Exercise data START
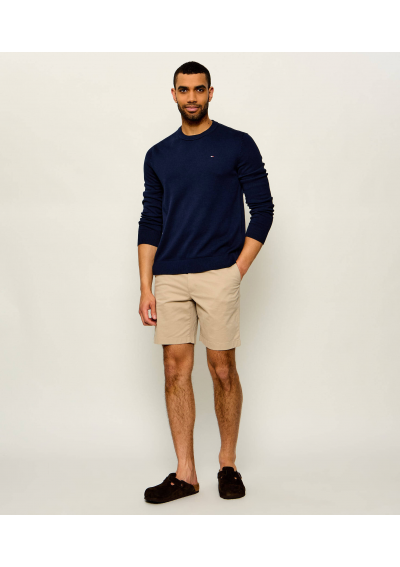 Tommy Jeans Sweter Slim Fit DM0DM22853
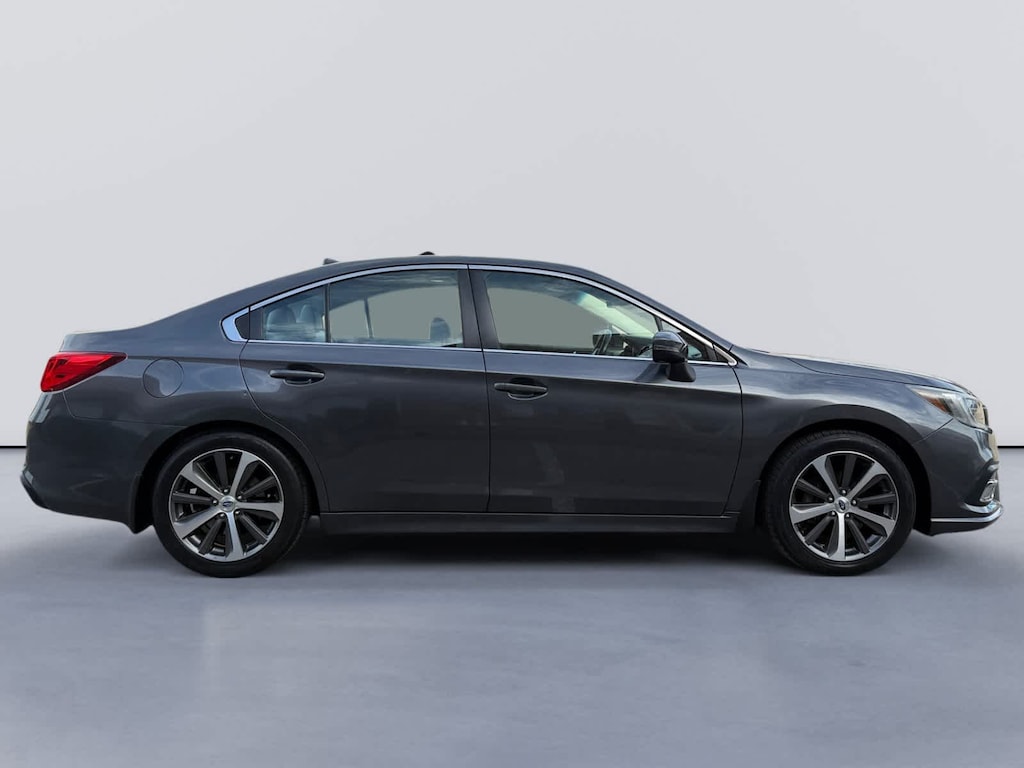 Used 2019 Subaru Legacy 2.5i Limited Sedan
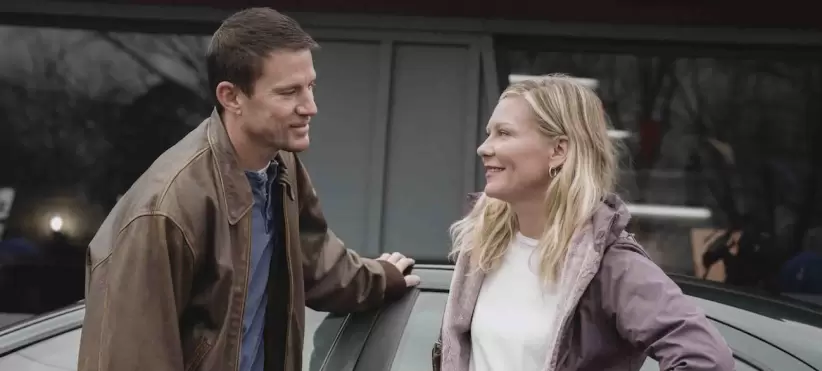 Un buen ladrn, pelcula protagonizada por Channing Tatum. Foto: Difusin.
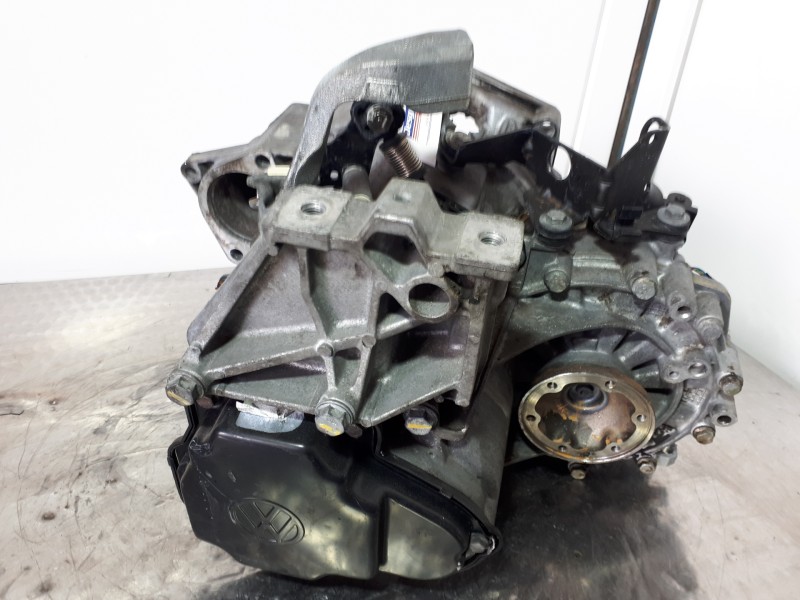 Recambio de caja cambios para skoda octavia berlina (1u2) ambiente referencia OEM IAM EGR  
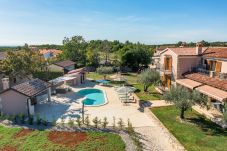 Villa in Radetici - Villa Marijanin vrt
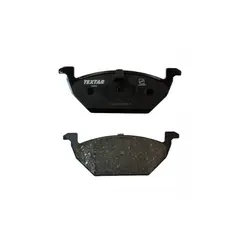 لنت ترمز جلو برلیانس  H320 تکستار - Textar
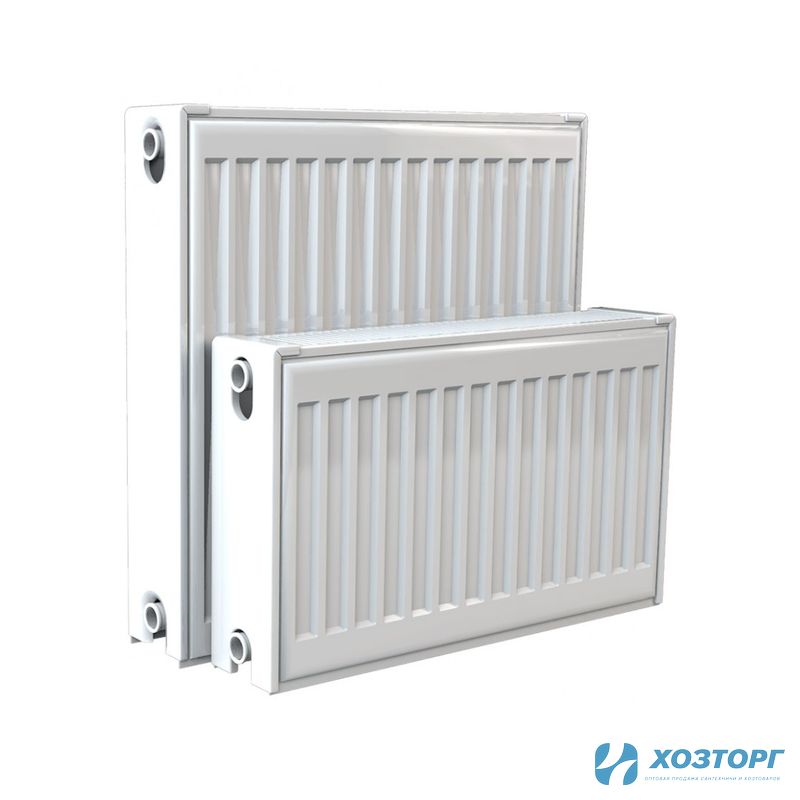 Радиаторы отопления, запорная арматура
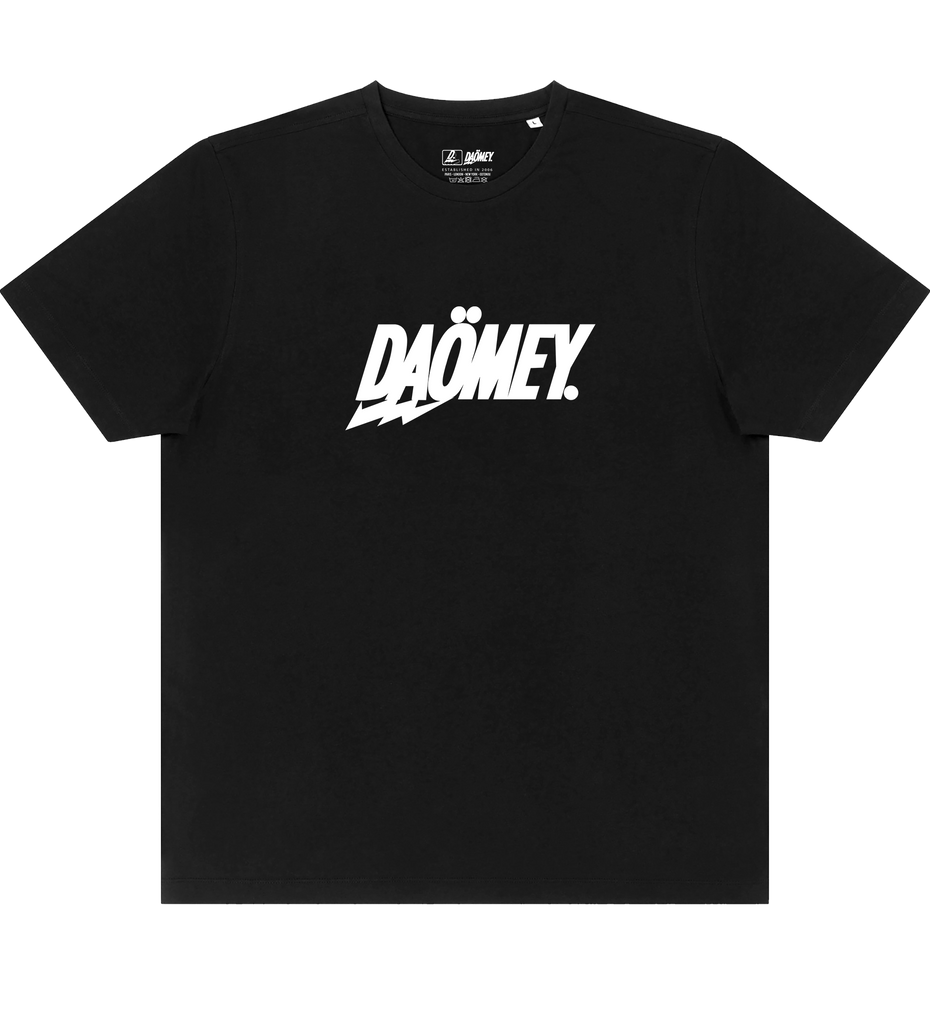 T-shirt The Logo - DAÖMEY 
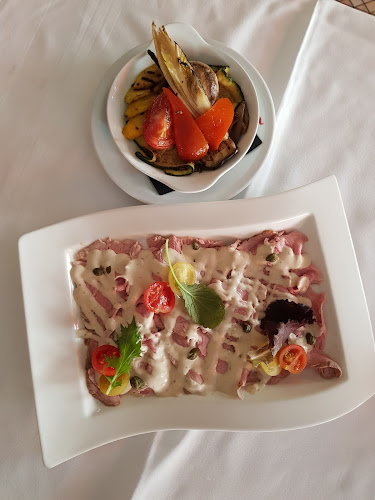 Boccalino - Gastronomie und Hotellerie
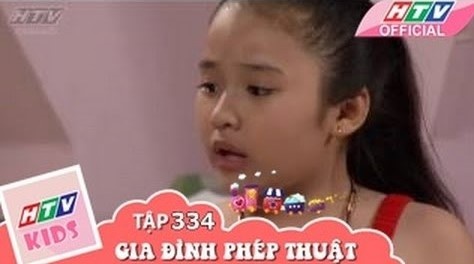 sao nhi gia dinh phep thuat anh 1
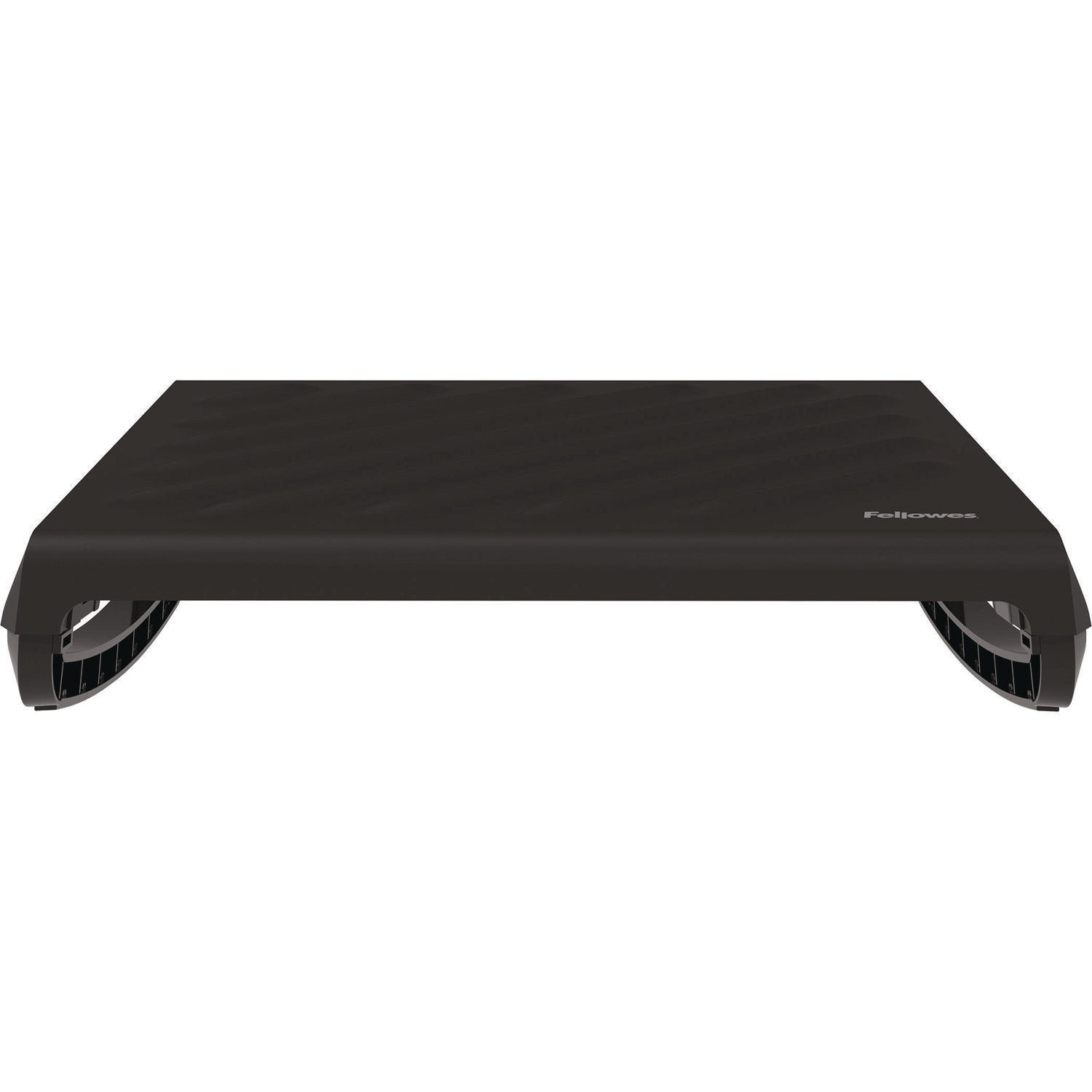 Fellowes Breyta Foot Rest, 19.3 x 14.2 x 3.9, Black (100098566)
Exercise data END
### Problem description
Give an exact copy of the line containing "Un buen ladrn, pelcula" and every line after it through the end of the entries. Pictures are to be dropped.

### Written answer
 Un buen ladrn, pelcula protagonizada por Channing Tatum. Foto: Difusin.
 Recambio de caja cambios para skoda octavia berlina (1u2) ambiente referencia OEM IAM EGR  
 Villa in Radetici - Villa Marijanin vrt
 لنت ترمز جلو برلیانس  H320 تکستار - Textar
 Радиаторы отопления, запорная арматура
 T-shirt The Logo - DAÖMEY 
 Boccalino - Gastronomie und Hotellerie
 sao nhi gia dinh phep thuat anh 1
 Fellowes Breyta Foot Rest, 19.3 x 14.2 x 3.9, Black (100098566)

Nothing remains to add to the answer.